▶ [Task brief]: Please restate the data that follows word for word, with the pictures left out.

(Exercise data Opens)

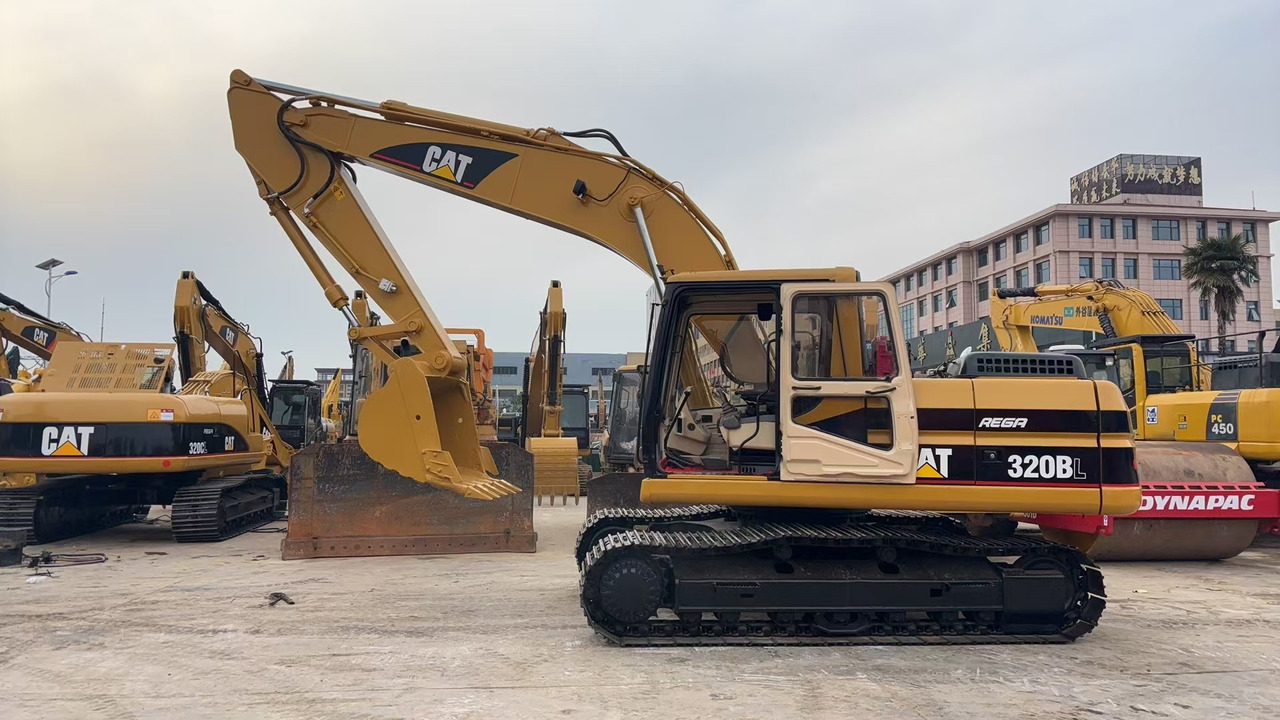 CATERPILLAR 320BL used excavator low price for sale - Escavatore cingolato: foto 1 CATERPILLAR 320BL used excavator low price for sale - Escavatore cingolato: foto 1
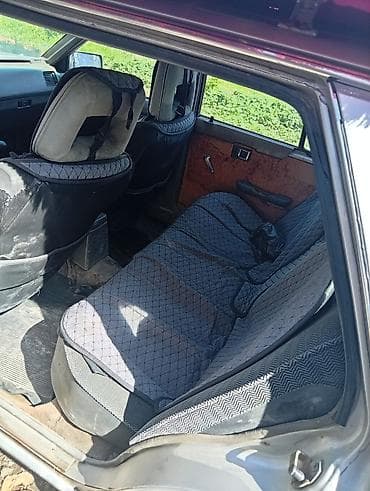 bew e34: Продаётся универсал старого поколения (5‑дверный кузов). Серебристый — 6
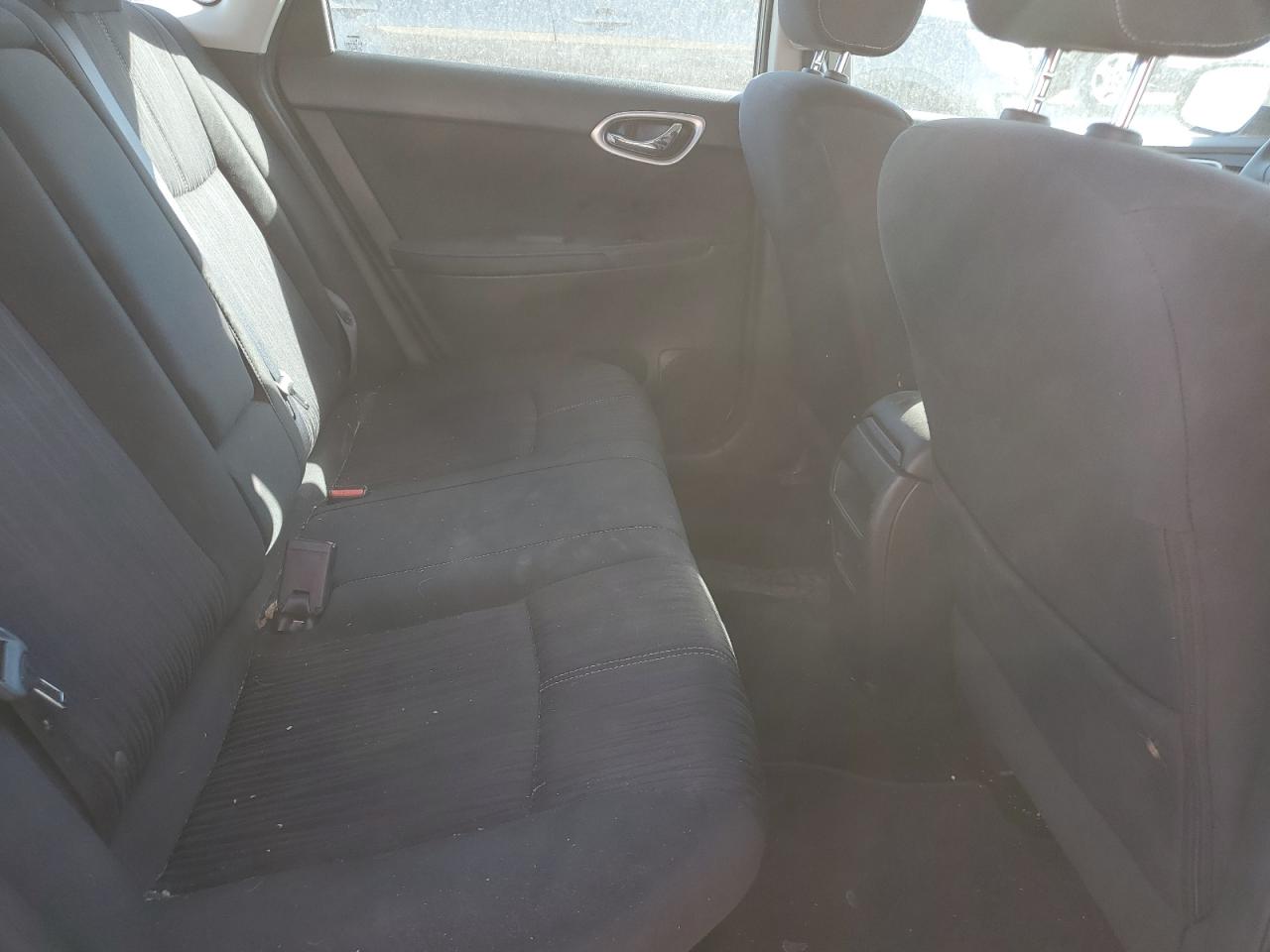 2016 Nissan Sentra - Image 10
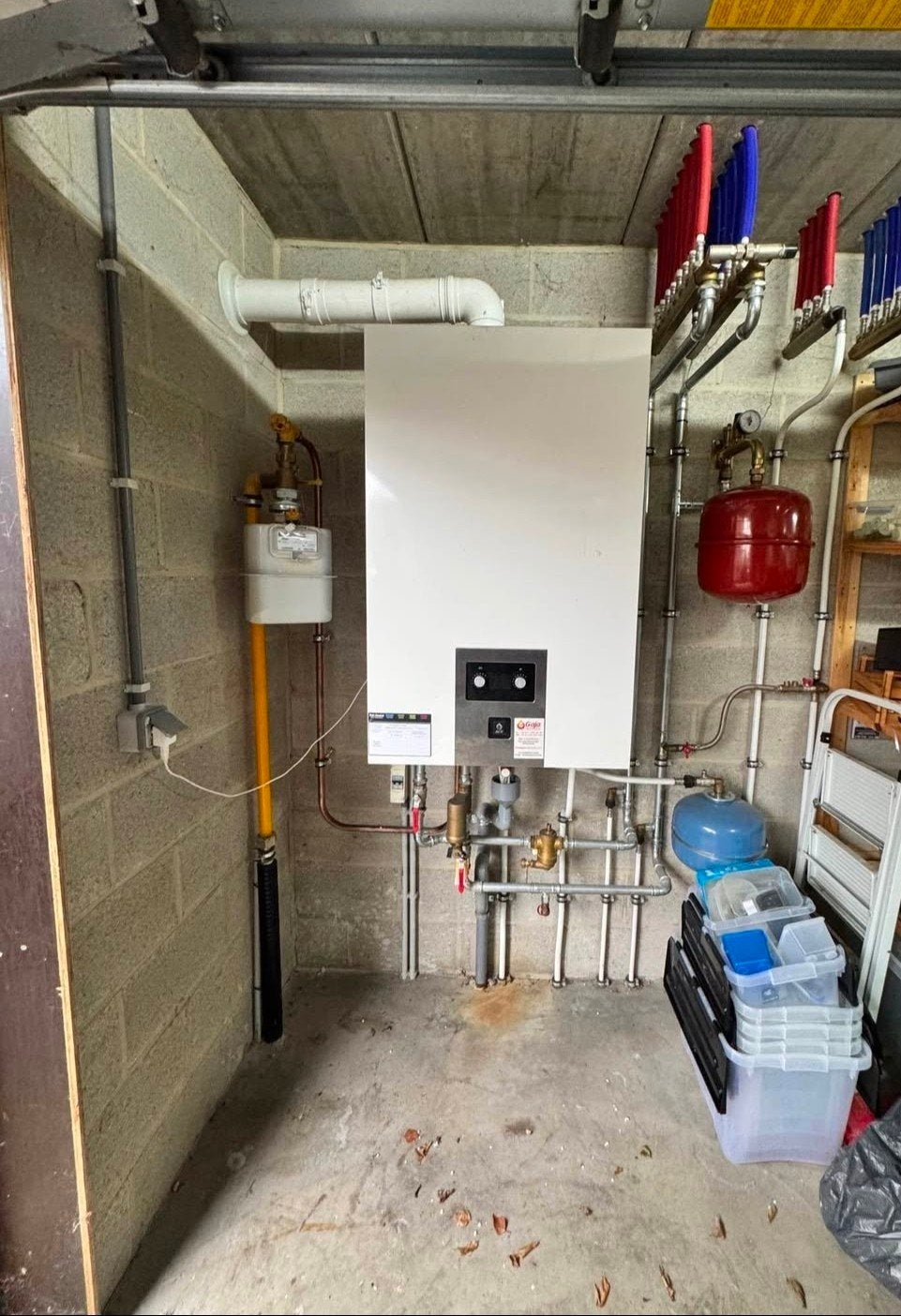 #chauffagiste  #électricien #plomberie 0492363428, Brussel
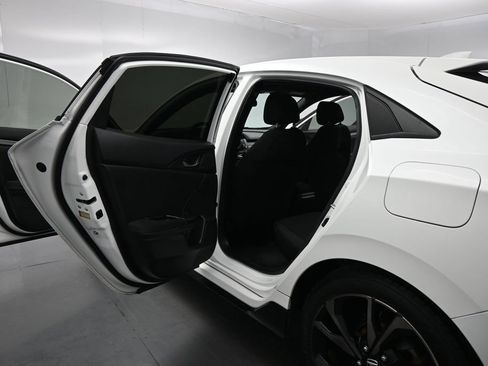 Used 2018 Honda Civic Sport image 12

(Exercise data Closes)

▶ [Worked solution]:
 CATERPILLAR 320BL used excavator low price for sale - Escavatore cingolato: foto 1 CATERPILLAR 320BL used excavator low price for sale - Escavatore cingolato: foto 1
 bew e34: Продаётся универсал старого поколения (5‑дверный кузов). Серебристый — 6
 2016 Nissan Sentra - Image 10
 #chauffagiste  #électricien #plomberie 0492363428, Brussel
 Used 2018 Honda Civic Sport image 12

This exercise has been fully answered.